Again, any help/guidance greatly appreciated!
Aside: It took a while to get back to this because of 1) July 4th holiday travel and, 2) I moved from a Lambda instance for GPU to a new laptop with a Blackwell RTX 5090 GPU, so I now have a local setup for GPU programming [stoked!! ].

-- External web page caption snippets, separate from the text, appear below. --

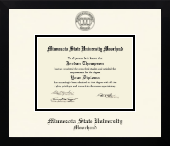Minnesota State University Moorhead diploma frame - Icon in Gotham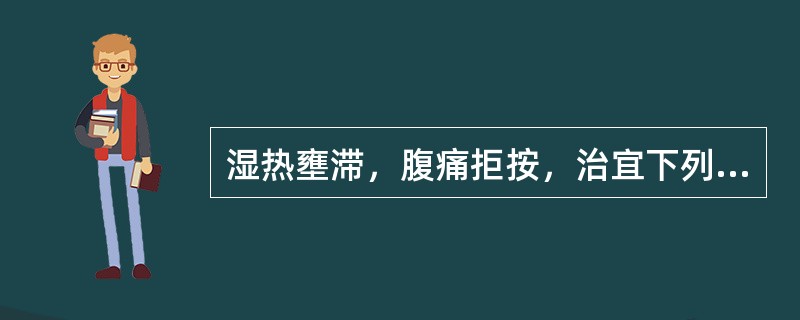 湿热壅滞，腹痛拒按，治宜下列何法：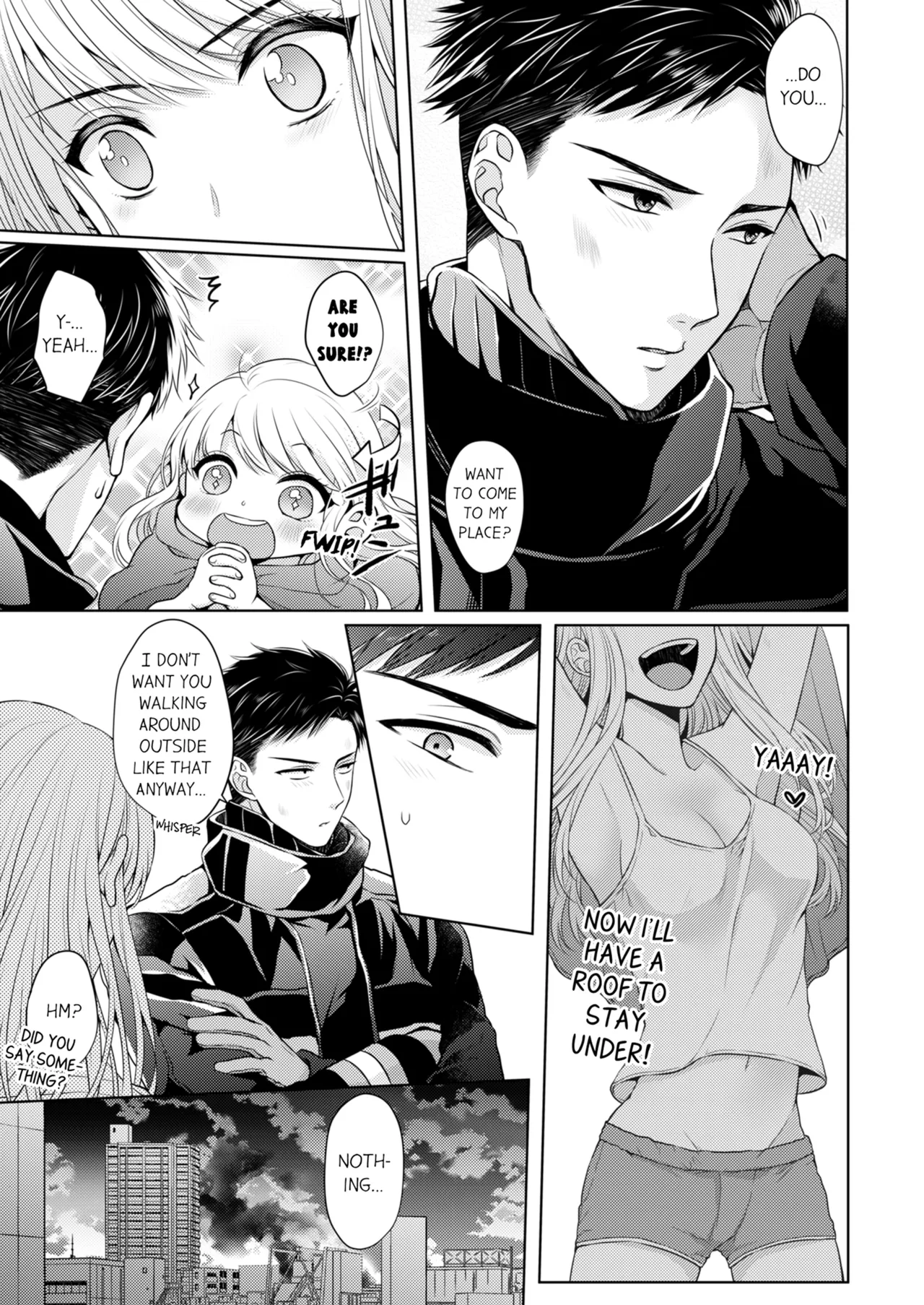 Yubisaki Kara Honki no Netsujō ～ Chara Otoko Shōbōshi wa Massuguna me de Watashi o Daita ～ Chapter 1 - page 15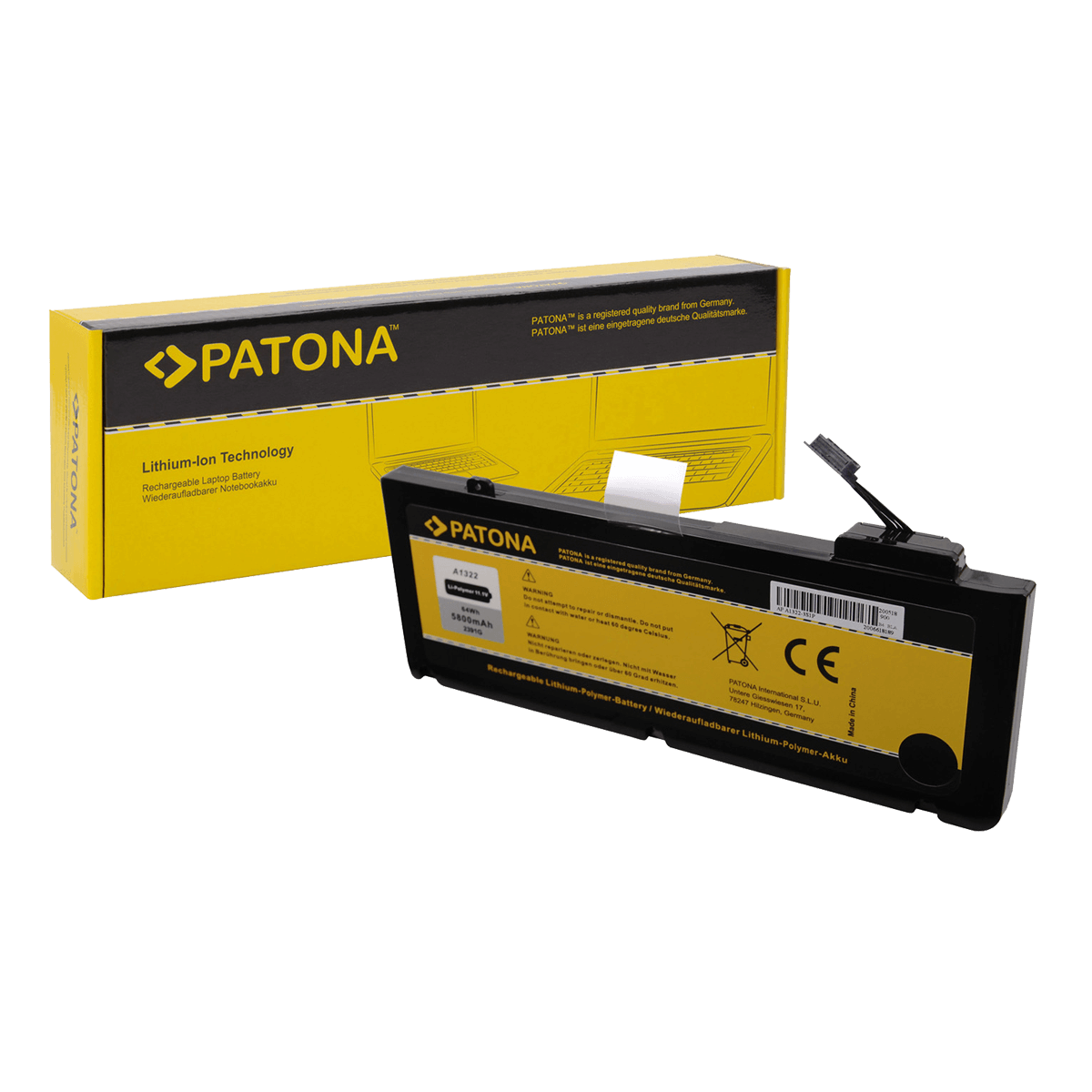 Μπαταρία Laptop PATONA 2391 11.1V 5800mAh​ για APPLE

=== Comprehensive add_10_2d Benchmark ===
Matrix size: 3 x 3
GPU blocks per grid: 1
GPU threads per block: 3 x 3
Running add_10_2d/cpu
Running add_10_2d/gpu_unsafe_ptr
Running add_10_2d/gpu_layout_tensor
| name | met (ms) | iters |
| --------------------------- | --------------------- | ------- |
| add_10_2d/cpu | 2.154067e-06 | 1000000 |
| add_10_2d/gpu_unsafe_ptr | 0.002115296680245406 | 525822 |
| add_10_2d/gpu_layout_tensor | 0.0020489643238379898 | 524608 |
=== Performance Comparison ===
Average execution times:
CPU: 2.154067e-06 ms
GPU UnsafePointer: 0.002115296680245406 ms
GPU LayoutTensor: 0.0020489643238379898 ms
GPU UnsafePointer vs CPU speedup: 0.0010183285494260294 x
GPU LayoutTensor vs CPU speedup: 0.0010512955130253993 x
GPU LayoutTensor is 1.0323736024271846 x faster than GPU UnsafePointer
Fastest implementation: CPU with 2.154067e-06 ms average
Success! I updated the comprehensive benchmark file to use the bench module and am now seeing realistic results where crossover from CPU to GPU is clear at matrix size 128 x 128. See the updated report PERFORMANCE_REPORT_COMPREHENSIVE.md derived from comprehensive_performance_analysis_2.mojo (excerpt below).
Executive Summary
This comprehensive analysis tested CPU vs GPU performance across matrix sizes from 2x2 to 4096x4096 (16.7M elements) using Mojo’s official benchmark module to identify crossover points where GPU implementations become advantageous. The analysis includes three implementations: CPU-only, GPU UnsafePointer, and GPU LayoutTensor. Key discovery: GPU implementations become faster than CPU at 128x128 matrices, with LayoutTensor showing superior performance for larger workloads.